The government set out its definition of British values in the 2011 Prevent Strategy, and these values have been reiterated by the Prime Minister this year (2014). At Ditton Park Academy these values are taught in the following ways:
One of the fundamental values at Ditton Park Academy is the right of all members of the community to be heard and the responsibility of others to allow this to happen. This is taught and reinforced through all lessons, teaching and modelling to young people, how to make their needs and wishes heard in a way that society and school life finds acceptable. This is done throughout every lesson and taught explicitly through PSHE, but also through experiences of the wider curriculum including enrichment activities. Students have the opportunity to have their voices heard through our school councils, focus groups, Slough Youth Parliament and student questionnaires. The elections of tutor or year group representatives are based solely on pupil votes and we also run an election campaign in parallel with the General Election. Our school behaviour policy involves rewards which have been consulted on with pupils and we have a differentiated system according to their needs and interests.
The Rule of Law:
The importance of Laws or rules, whether they are those that govern the classroom, the school, or the country, are consistently reinforced throughout regular school days. During induction our students are taught the value and reasons behind the schools rules, what they mean and how they look when people are following them. There is part of the PSHE curriculum discussion and debate about the rules that govern and protect us, the responsibilities that this involves and the consequences when laws and rules are broken. Visits from a range of organisations including the Police form part of our regular curriculum. The fundamental right to feel and be safe is paramount in all aspects of the school.
Within school, young people are actively encouraged to make positive choices, knowing that they are in a safe and supportive environment. As a school we educate and provide boundaries for young pupils to make choices safely, through the provision of a safe environment, staff with whom they have a positive and supportive relationship and boundaries that are secure. Young people are encouraged to know, understand and exercise their rights and personal freedoms and are advised as to how to exercise these safely. In addition, young people are encouraged to consider their responsibility in making their choices and how these will impact on themselves and others in the immediate and long term future. This may be in PSHE, target setting or at any point within the school day.

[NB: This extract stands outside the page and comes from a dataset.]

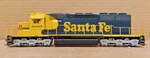 Athearn 89899 Ho Santa Fe SD40 Diesel Locomotive #5005 Dcc Ready. Fixed Price $90.89.
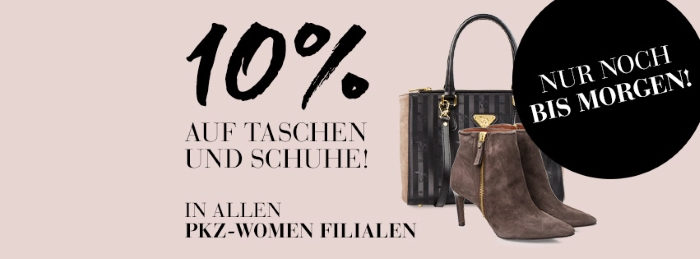 PKZ 10% Rabatt auf Taschen und Schuhe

Part of our aim for every child is to develop a healthy respect for themselves, to build self-esteem, self-worth and confidence as a learner. This is our core purpose and is threaded through learning and teaching, behaviour and safeguarding policies. It is part of daily discussions in classrooms. It is modelled daily by all staff and is an expectation of the whole community.
Tolerance of Difference:
This is achieved through enhancing pupils understanding of their own and others needs and impressing upon them that they belong; to the Ditton Park Academy community; to their local community and their world community. We celebrate and embrace difference through celebration of achievements, developing understanding of students’ place in a culturally diverse society. We do this by giving them opportunities to experience such diversity through working with visitors from a range of cultures and belief systems. PSHE learning involving prejudices and prejudice-based bullying are routine and 1:1 work following any incidents reinforce this learning. Feedback from pupils following PSHE modules on community cohesion is very positive. Members of different faiths or religions are encouraged to share their knowledge to enhance learning within classes and the school.